Somos amigos, y pese a que conversamos harto, esa noche aprendí más de él, que en todo el tiempo que llevaba visitando su local.
Suelo pasar a saludarlo a la vuelta de mis carretes, que a mi edad esa palabra rebota en el suelo antes de llegar a mi boca. Generalmente paso como a la una y media, o tal vez dos de la mañana. (Eso en una noche muy divertida).
Lo saludo, le devuelvo algún envase y nos quedamos pelando lo que sea que estén dando en el Mega. (No cambia ese canal).
Ese día cuidaba a su sobrina. Eran las tres de la mañana, y la tenía durmiendo cerca de él, para que ella no se sintiera sola. Ella, ojo, no él, ella, una guaguita de siete meses que ni siquiera ha escuchado la palabra soledad.
Los seis jóvenes que entraron estaban empezando su noche. No importa, no supieron que la mía estaba en su fin hace rato.
Cuatro mujeres y dos hombres. Garabateros, agresivos, pero finalmente simpáticos y entradores.
-¿Shhh, loquito, y por que nos hacís callar?, preguntó la más alta.
-Porque acá abajo está mi sobrina durmiendo, contestó pacientemente él.
-¿Tu sobrina? ¿Ah, loco, y por que ahí?, dijo uno de los hombres.
-Bueno, me la dejó mi hermana, y la siento más segura a mi lado.
-Ah... loco, le dijo otra niña que le hablaba mientras elegía el grado del pisco. Logo, ¿y por qué no cuidai los propios?
-No tengo hijos, no hay tiempo, sólo puedo estar acá. No me alcanzarían los espacios para una familia.
Ahí, mi oreja creyó más en la conversación. Al inicio me parecía vana y sin sentido.
De a poco tomaba un color, y me apenaba aquel color.
-Pero Manolo, interrumpí yo, ¿para qué trabajas entonces? ¿Lo haces para vivir o vives para trabajar?
-Lo aprendí de mis padres, ellos lo heredaron de mis abuelos y yo debo seguir con la tradición de la botillería, si no mato el pasado.
- A mí me parece más que estás matando tu presente, por un pasado que ya no existe. Me gustaría, realmente, que lo pensaras bien y te aventuraras a creer en una familia.

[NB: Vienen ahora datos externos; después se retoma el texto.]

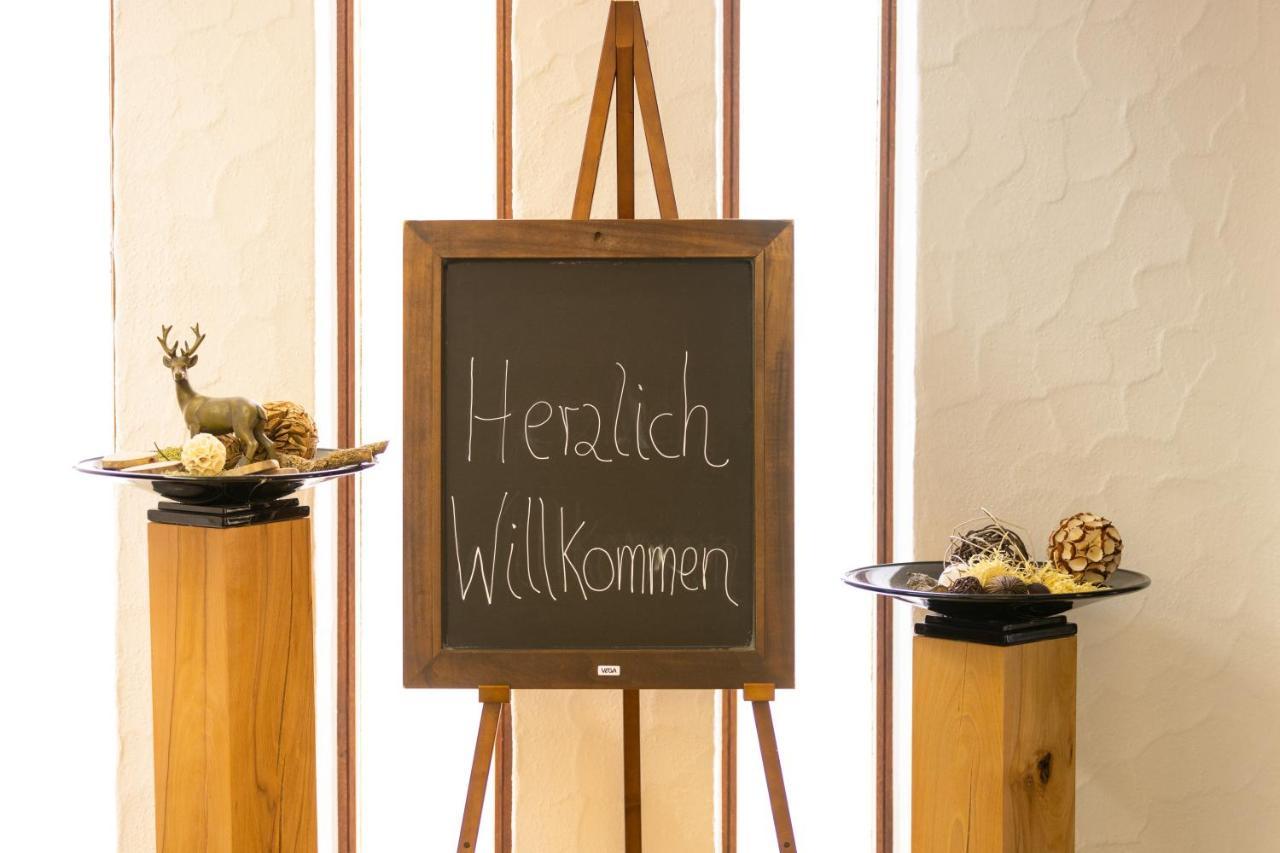 Hotel Restaurant Zur Linde Erbach an der Danau Buitenkant foto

Pero él, testarudo máximo, me aclaró: “No puedo, en verdad que no… Mi hermano me mata”, respondió finalmente.
-Tal vez, tu hermano cree que el que lo mataría serías tú, le añadí con una sonrisa kilométrica. Conversa, no te quedes ahí por favor. No, si realmente tienes ganas.
Me quise ir a mi casa, ir a ver a mis padres, tal vez visitar a un hermano, pero era jueves y había que volver a dormir. Me dio pena, tristeza, abandono, me dio de todo.

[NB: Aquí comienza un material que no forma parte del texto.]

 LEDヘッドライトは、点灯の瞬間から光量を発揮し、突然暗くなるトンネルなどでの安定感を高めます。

Los seis jóvenes salieron como si nada. Tomaron la de pisco y se aventuraron a su noche. En cambio, el Manolo y yo quedamos con caras largas, que ni el Tutu Tutu pudo quitar.

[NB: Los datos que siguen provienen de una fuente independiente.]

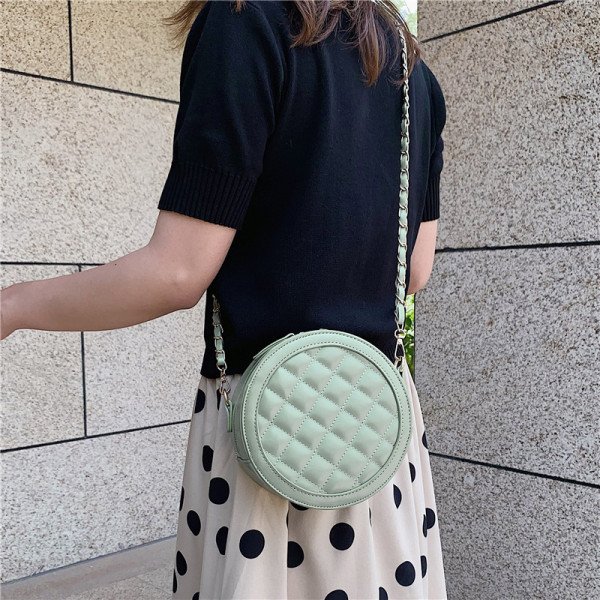 Modernus moteriškas apvalus krepšys su ilga rankena ir užtrauktuku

La noche se había funado. Los jóvenes de hoy, una vez más, nos habían hecho encontrarnos con la dura realidad, que a ellos no les resbala aún.
Manolo y yo, solos esa noche, con lo ajeno. Yo a mi casa, frente a la televisión, vacía y triste; y él, con el sueño de una hija, compartiendo una prestada, que responde a sobrina, sobrina por un rato. Después, a seguir vendiendo copete a más jóvenes que nos abran los ojos sin siquiera ellos ver.